An algorithm for solving average reward Markov and semi-Markov decision problems is presented in this paper. The algorithm is asynchronous and model free, and is capable of cooperating with a nearest neighbor approach to manage large state spaces. In addition, a convergence analysis is carried out by means of an ordinary differential equation method.
Classical policy iteration is presented for solving the problem, as long as it doesn’t require any uniformization. This is quite relevant as well, since the transition probabilities are not always available. In reinforcement learning, optimal policy is determined via a reinforcement mechanism. In such a setting, the decision maker can be viewed as an agent that selects actions in each state, visited either on a real-time basis or via a simulator. The feedback obtained from every action selected is used to update the knowledge base of the agent.

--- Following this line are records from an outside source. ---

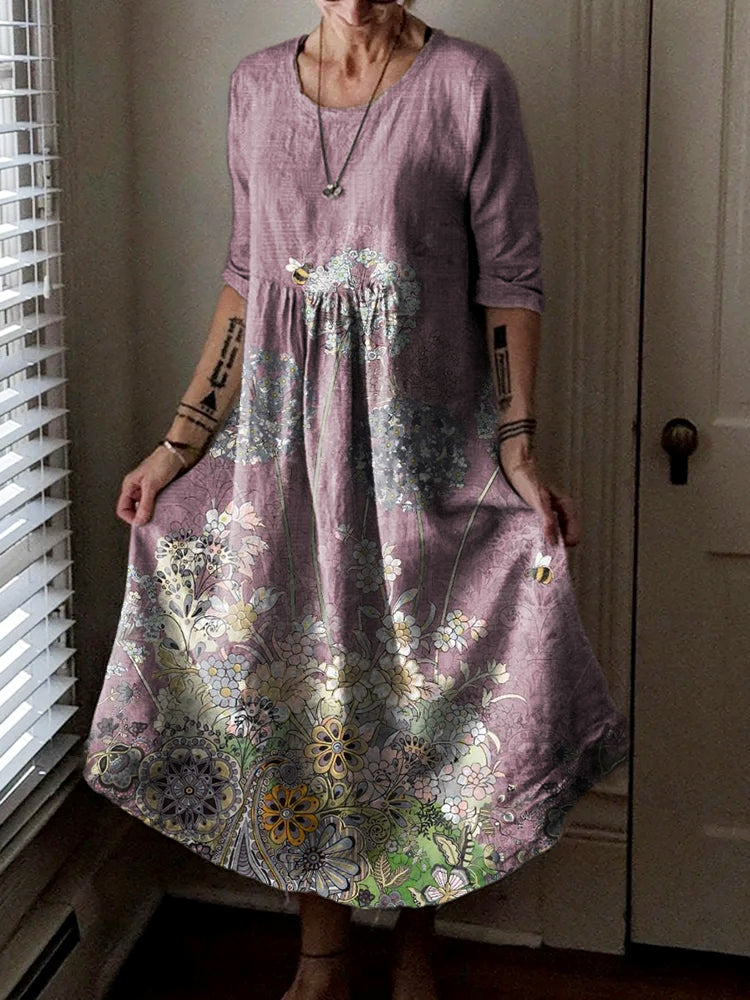 Timeless Vintage Style Dress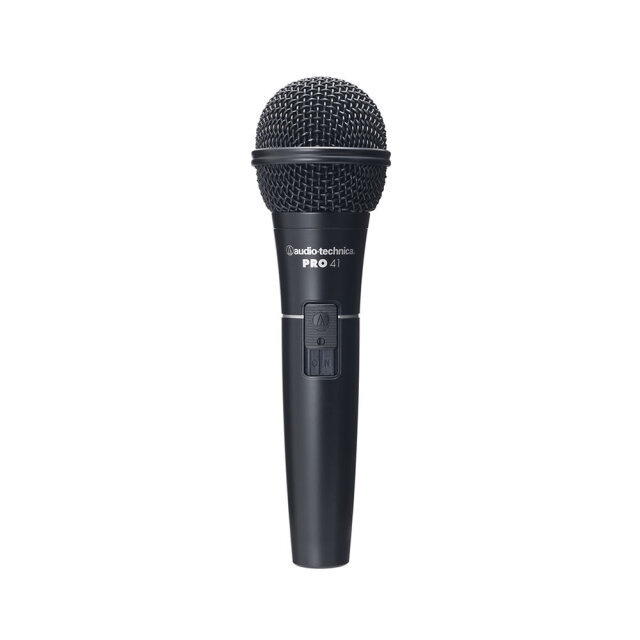 audio-technica PRO41 Handheld Microphone《オーディオテクニカ》《ハンドヘルドボーカルマイク／スイッチ付き／ダイナミック型／単一指向性》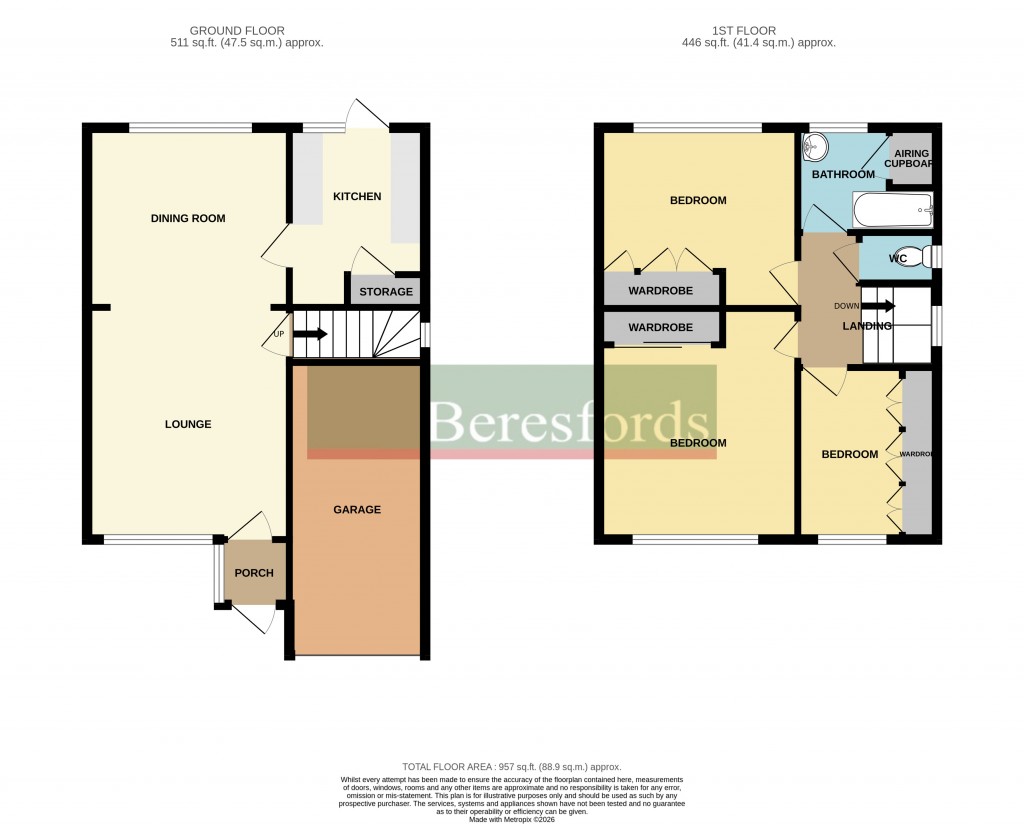 Floorplans For Hornchurch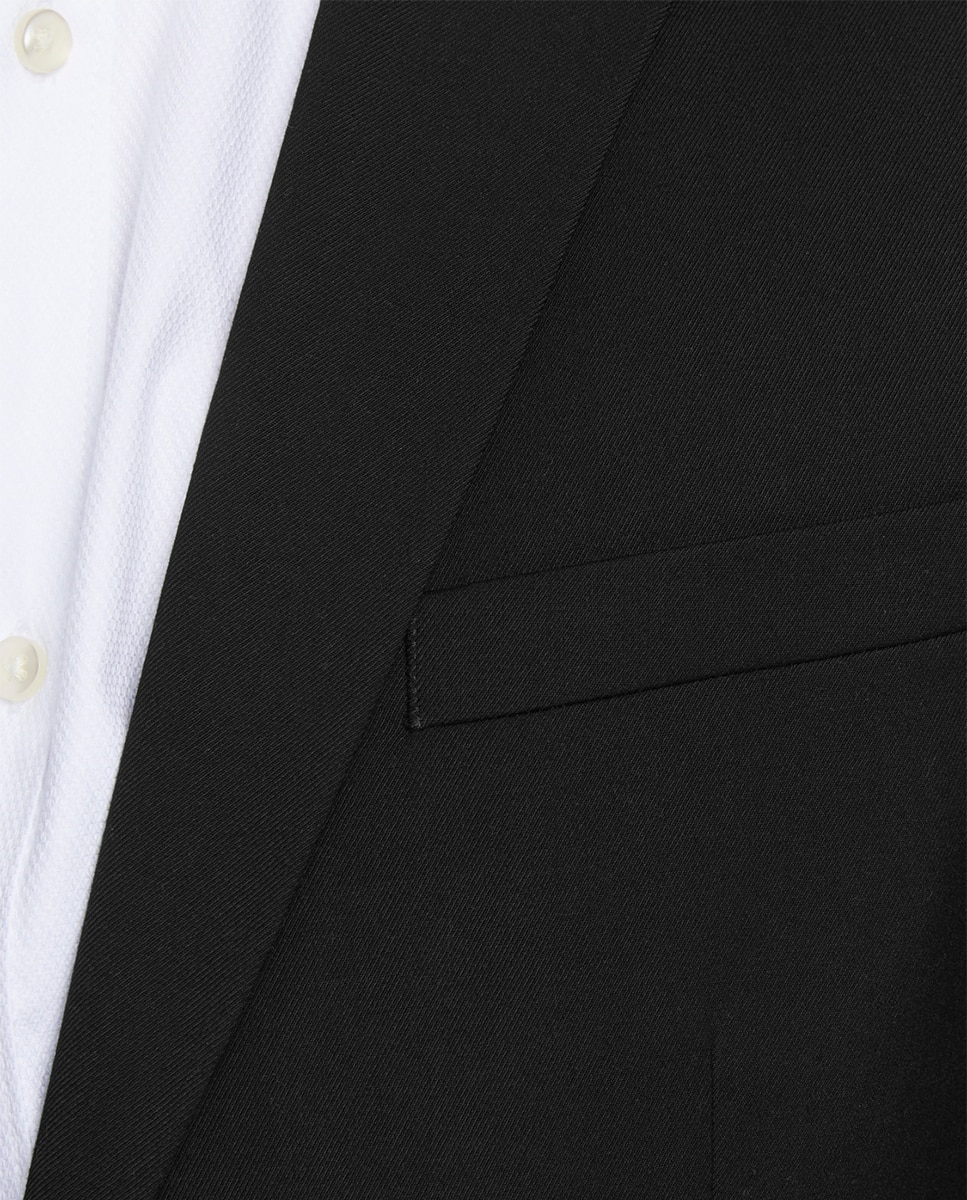 Traje de dos piezas de hombre - Jack & Jones - Negro Negro-5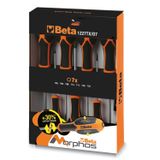 Beta 1227TX/D7 Jeu de 7 tournevis - 012270207
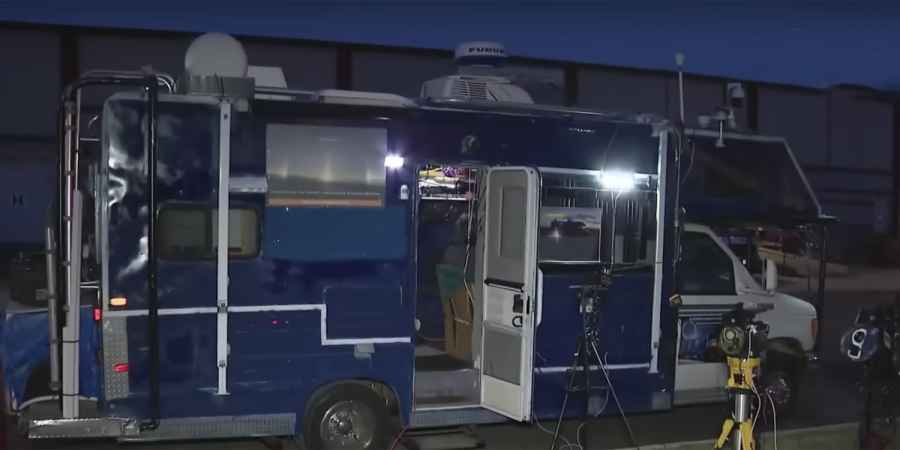 Nightcrawler UFO Hunting RV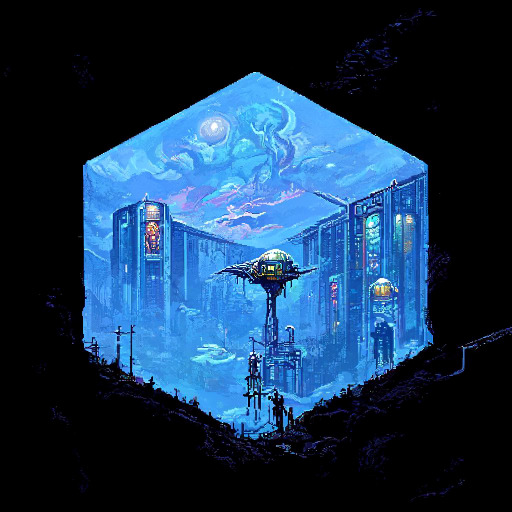 Pan's Little Pixel Blocks #995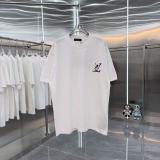 Louis Vuitton 26SS Fashion Logo Printed Short Sleeve Unisex Casual Loose T-shirt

The algorithm provided is quite close to the classical policy iteration: begin by selecting a policy arbitrarily, and estimate (using simulation) the average reward associated with it. Then, perform policy evaluation. It goes on to perform policy improvement, where it selects the new policy based on Q-factors. Before beginning a phase, it must first obtain the average reward associated with the new policy (which can be done using simulation). The old vector of Q-factors will now be called P-factors, (P for policy), since these P-factors will contain information about the policy that will be evaluated in the next phase (policy improvement). Fresh Q-factors will be approximated in the next phase.
A case study related to an airline’s seat selling policy (and overbooking) is presented as an application. The seat allocation problem has its roots in the airlines’ practice of selling seats within the same cabin of a flight at different prices. There are differences in customers, and airlines use these differences to sell tickets at different prices. A passenger who wants a lesser number of stopovers, or a passenger who arrives late in the booking process, is made to pay a higher fare. This strategy for classifying passengers leads to different fare classes based on their needs and circumstances. Good results are shown for this algorithm as compared to the heuristic algorithm used in the industry.